[[ THE RECORDS, beginning ]]
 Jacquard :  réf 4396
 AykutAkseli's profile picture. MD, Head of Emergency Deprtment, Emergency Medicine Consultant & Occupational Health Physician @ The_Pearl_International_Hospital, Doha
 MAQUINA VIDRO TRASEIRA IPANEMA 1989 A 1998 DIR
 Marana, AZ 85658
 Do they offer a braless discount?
[[ THE RECORDS, end ]]
[[ THE RECORDS, beginning ]]
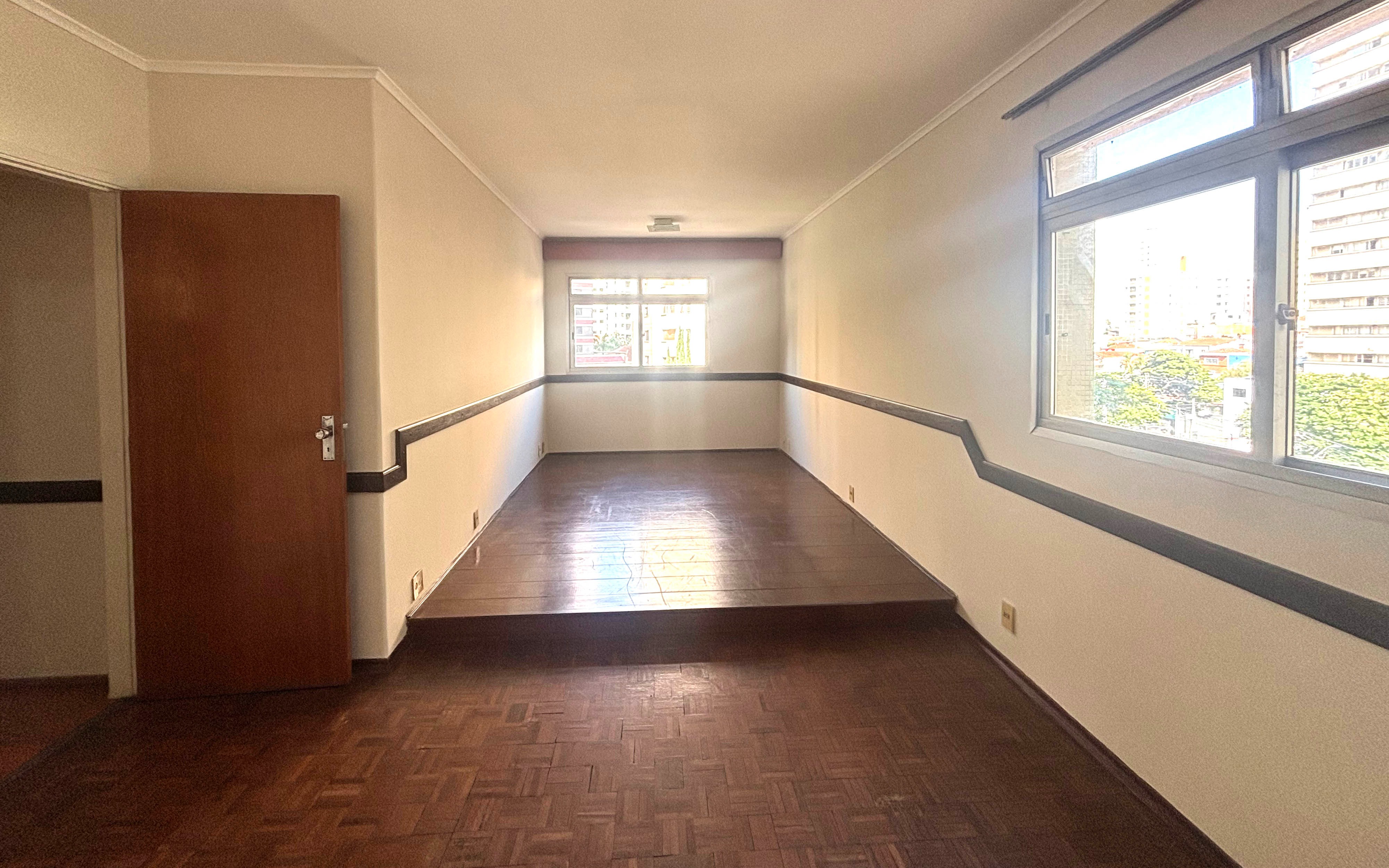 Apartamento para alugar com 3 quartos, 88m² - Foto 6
[[ THE RECORDS, end ]]
» **DESCRIPTION OF THE TASK**
Once the line with "AykutAkseli's profile picture." is found in the records above, print exactly that line and every line after it through the line with "Do they offer a braless discount?".

» **EXERCISE OUTPUT**
 AykutAkseli's profile picture. MD, Head of Emergency Deprtment, Emergency Medicine Consultant & Occupational Health Physician @ The_Pearl_International_Hospital, Doha
 MAQUINA VIDRO TRASEIRA IPANEMA 1989 A 1998 DIR
 Marana, AZ 85658
 Do they offer a braless discount?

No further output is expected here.